Problem description: An exact copy of all the data below is required.

- Opening Delimiter -

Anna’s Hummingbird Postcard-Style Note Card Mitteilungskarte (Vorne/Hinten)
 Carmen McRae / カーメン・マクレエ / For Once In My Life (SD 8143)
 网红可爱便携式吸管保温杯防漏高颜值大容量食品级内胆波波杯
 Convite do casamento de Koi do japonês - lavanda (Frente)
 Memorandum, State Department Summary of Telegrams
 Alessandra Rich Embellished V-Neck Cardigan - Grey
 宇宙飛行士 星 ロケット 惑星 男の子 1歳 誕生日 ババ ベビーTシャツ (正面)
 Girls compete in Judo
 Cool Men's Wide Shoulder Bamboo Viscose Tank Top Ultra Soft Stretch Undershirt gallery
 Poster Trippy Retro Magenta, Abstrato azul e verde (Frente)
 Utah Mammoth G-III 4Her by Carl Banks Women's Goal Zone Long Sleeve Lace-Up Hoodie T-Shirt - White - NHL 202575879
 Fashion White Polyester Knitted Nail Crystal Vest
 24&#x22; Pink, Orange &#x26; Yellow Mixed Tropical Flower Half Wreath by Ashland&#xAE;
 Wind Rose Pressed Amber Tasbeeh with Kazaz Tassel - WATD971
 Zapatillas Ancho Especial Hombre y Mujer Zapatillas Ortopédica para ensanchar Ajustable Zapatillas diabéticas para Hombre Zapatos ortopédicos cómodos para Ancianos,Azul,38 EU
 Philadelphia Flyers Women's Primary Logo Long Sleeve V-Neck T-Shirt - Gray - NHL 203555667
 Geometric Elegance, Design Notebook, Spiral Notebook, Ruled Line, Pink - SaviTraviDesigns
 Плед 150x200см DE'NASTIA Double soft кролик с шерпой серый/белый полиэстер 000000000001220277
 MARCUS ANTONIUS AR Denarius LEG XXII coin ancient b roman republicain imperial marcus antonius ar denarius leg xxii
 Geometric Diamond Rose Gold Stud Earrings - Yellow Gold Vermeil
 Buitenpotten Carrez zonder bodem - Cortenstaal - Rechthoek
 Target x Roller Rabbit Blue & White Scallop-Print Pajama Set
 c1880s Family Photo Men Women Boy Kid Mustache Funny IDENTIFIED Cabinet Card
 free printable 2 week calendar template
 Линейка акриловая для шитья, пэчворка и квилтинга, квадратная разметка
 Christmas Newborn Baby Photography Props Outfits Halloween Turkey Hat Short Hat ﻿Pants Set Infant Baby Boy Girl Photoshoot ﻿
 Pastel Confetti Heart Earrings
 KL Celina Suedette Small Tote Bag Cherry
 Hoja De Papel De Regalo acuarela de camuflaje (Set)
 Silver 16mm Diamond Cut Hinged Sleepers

- Closing Delimiter -

Worked solution:
Anna’s Hummingbird Postcard-Style Note Card Mitteilungskarte (Vorne/Hinten)
 Carmen McRae / カーメン・マクレエ / For Once In My Life (SD 8143)
 网红可爱便携式吸管保温杯防漏高颜值大容量食品级内胆波波杯
 Convite do casamento de Koi do japonês - lavanda (Frente)
 Memorandum, State Department Summary of Telegrams
 Alessandra Rich Embellished V-Neck Cardigan - Grey
 宇宙飛行士 星 ロケット 惑星 男の子 1歳 誕生日 ババ ベビーTシャツ (正面)
 Girls compete in Judo
 Cool Men's Wide Shoulder Bamboo Viscose Tank Top Ultra Soft Stretch Undershirt gallery
 Poster Trippy Retro Magenta, Abstrato azul e verde (Frente)
 Utah Mammoth G-III 4Her by Carl Banks Women's Goal Zone Long Sleeve Lace-Up Hoodie T-Shirt - White - NHL 202575879
 Fashion White Polyester Knitted Nail Crystal Vest
 24&#x22; Pink, Orange &#x26; Yellow Mixed Tropical Flower Half Wreath by Ashland&#xAE;
 Wind Rose Pressed Amber Tasbeeh with Kazaz Tassel - WATD971
 Zapatillas Ancho Especial Hombre y Mujer Zapatillas Ortopédica para ensanchar Ajustable Zapatillas diabéticas para Hombre Zapatos ortopédicos cómodos para Ancianos,Azul,38 EU
 Philadelphia Flyers Women's Primary Logo Long Sleeve V-Neck T-Shirt - Gray - NHL 203555667
 Geometric Elegance, Design Notebook, Spiral Notebook, Ruled Line, Pink - SaviTraviDesigns
 Плед 150x200см DE'NASTIA Double soft кролик с шерпой серый/белый полиэстер 000000000001220277
 MARCUS ANTONIUS AR Denarius LEG XXII coin ancient b roman republicain imperial marcus antonius ar denarius leg xxii
 Geometric Diamond Rose Gold Stud Earrings - Yellow Gold Vermeil
 Buitenpotten Carrez zonder bodem - Cortenstaal - Rechthoek
 Target x Roller Rabbit Blue & White Scallop-Print Pajama Set
 c1880s Family Photo Men Women Boy Kid Mustache Funny IDENTIFIED Cabinet Card
 free printable 2 week calendar template
 Линейка акриловая для шитья, пэчворка и квилтинга, квадратная разметка
 Christmas Newborn Baby Photography Props Outfits Halloween Turkey Hat Short Hat ﻿Pants Set Infant Baby Boy Girl Photoshoot ﻿
 Pastel Confetti Heart Earrings
 KL Celina Suedette Small Tote Bag Cherry
 Hoja De Papel De Regalo acuarela de camuflaje (Set)
 Silver 16mm Diamond Cut Hinged Sleepers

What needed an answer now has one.